YOUR OBJECTIVE | Without the pictures, copy all the entries below exactly.

EXERCISE INPUTS |
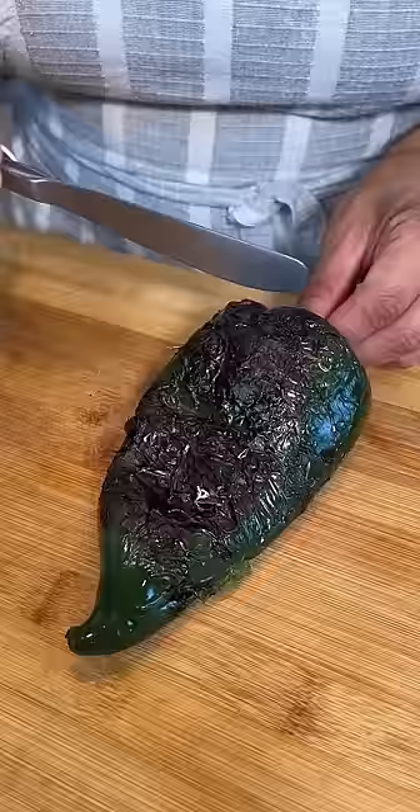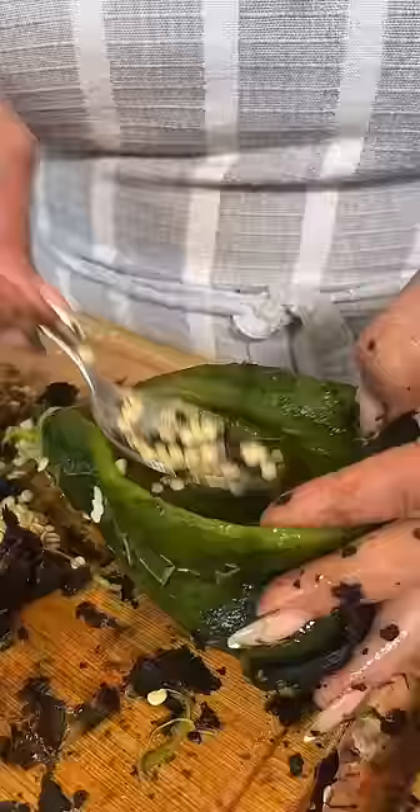And Cindy's making the arroz rojo. And you peel just like this — with the spoon you're gonna remove all the seeds. After I clean and deseeded all my chiles.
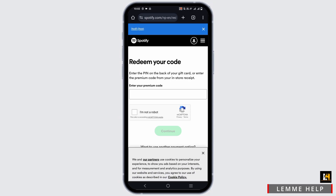And once this is done, you will land on this page. Now you just have to enter your code, and you'll have to continue with the 'I'm not a robot' captcha. If you continue, you're good to go.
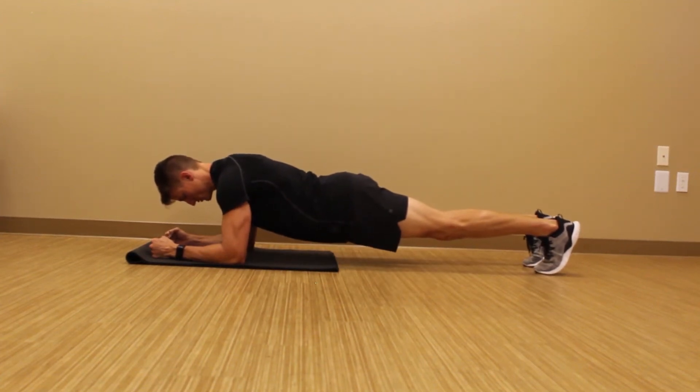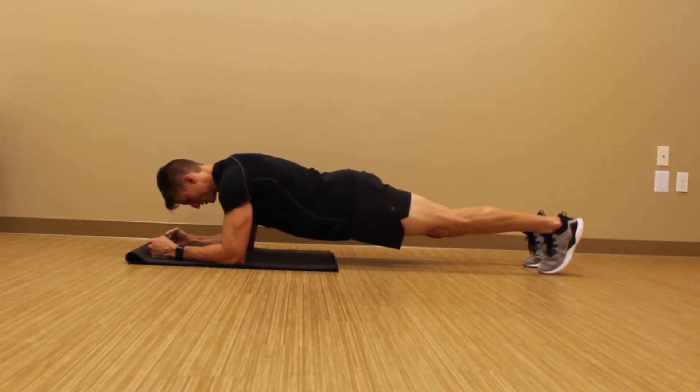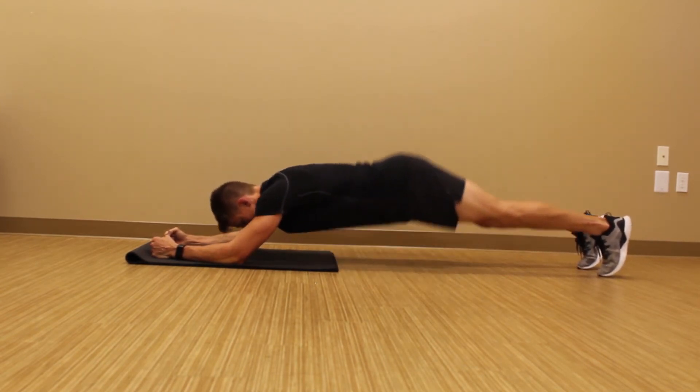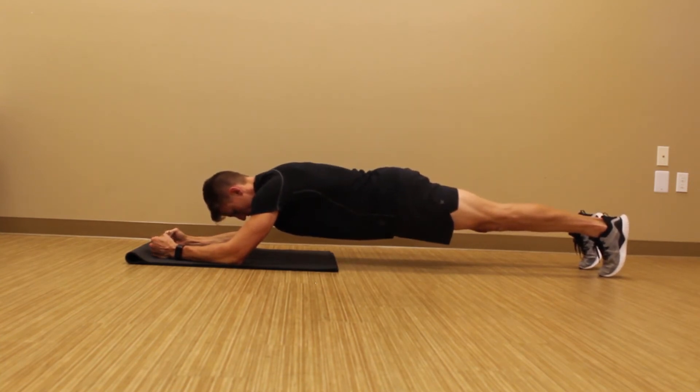Simple physics here. The more distance between two points, the more tension required to maintain stability between those points. So walk your feet back from the plank position, hold your stomach as tight as you can, as neutral as you can — no sagging, no piking — neutral and tight, and then breathe.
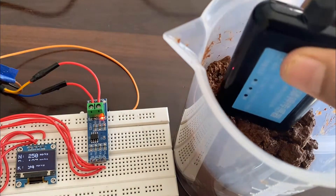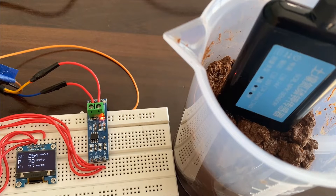So let's learn in detail about the interfacing of the soil nutrient sensor, or NPK sensor, with Arduino and display the NPK data on an OLED display.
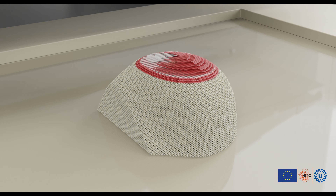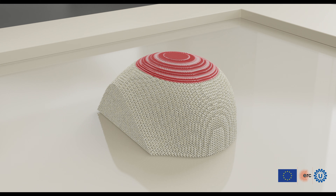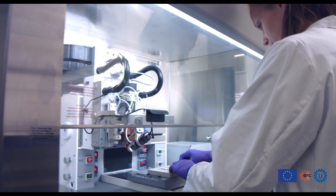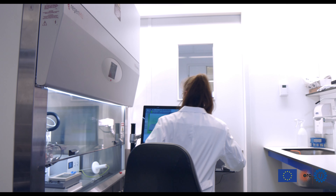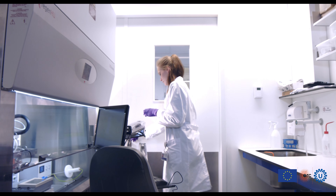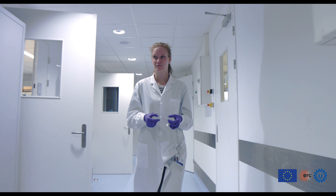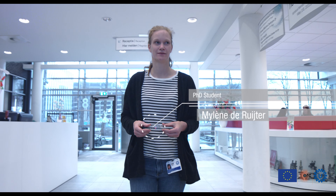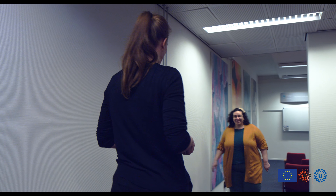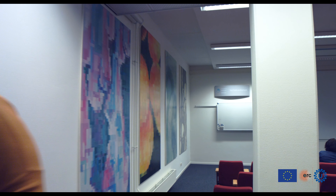Our approach converges into a single biofabrication process multiple printing technologies, so that we can print cell-laden bio inks and at the same time reinforcing fibers made of stronger polymers, via electrospinning, writing, and extrusion printing methods.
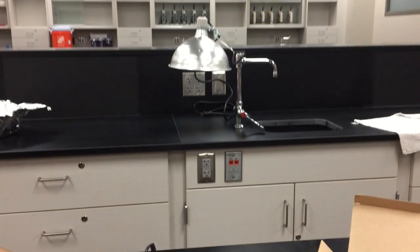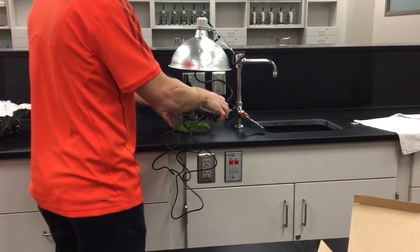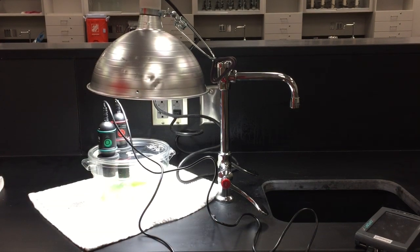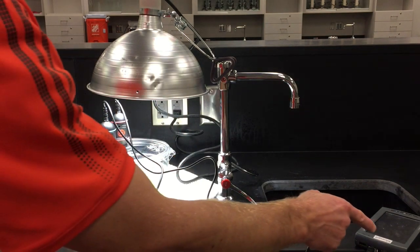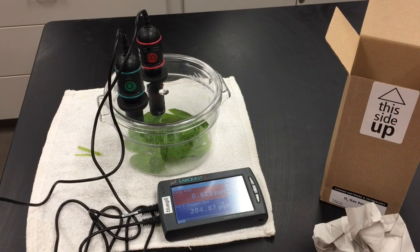Set this up in the light. Once you have everything set up, go ahead and turn the light bulb on and wait five minutes for the gas exchange to start occurring. Once five minutes is up, hit play on your LabQuest. In the lab, you'll probably end up partnering with another group because you won't have time to run this both in the light and in the dark. So one group runs it in the light and the adjacent table runs it in the dark, and you compare and share your results.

RESPONSE AREA |
And Cindy's making the arroz rojo. And you peel just like this — with the spoon you're gonna remove all the seeds. After I clean and deseeded all my chiles.
And once this is done, you will land on this page. Now you just have to enter your code, and you'll have to continue with the 'I'm not a robot' captcha. If you continue, you're good to go.
Simple physics here. The more distance between two points, the more tension required to maintain stability between those points. So walk your feet back from the plank position, hold your stomach as tight as you can, as neutral as you can — no sagging, no piking — neutral and tight, and then breathe.
So let's learn in detail about the interfacing of the soil nutrient sensor, or NPK sensor, with Arduino and display the NPK data on an OLED display.
Our approach converges into a single biofabrication process multiple printing technologies, so that we can print cell-laden bio inks and at the same time reinforcing fibers made of stronger polymers, via electrospinning, writing, and extrusion printing methods.
Set this up in the light. Once you have everything set up, go ahead and turn the light bulb on and wait five minutes for the gas exchange to start occurring. Once five minutes is up, hit play on your LabQuest. In the lab, you'll probably end up partnering with another group because you won't have time to run this both in the light and in the dark. So one group runs it in the light and the adjacent table runs it in the dark, and you compare and share your results.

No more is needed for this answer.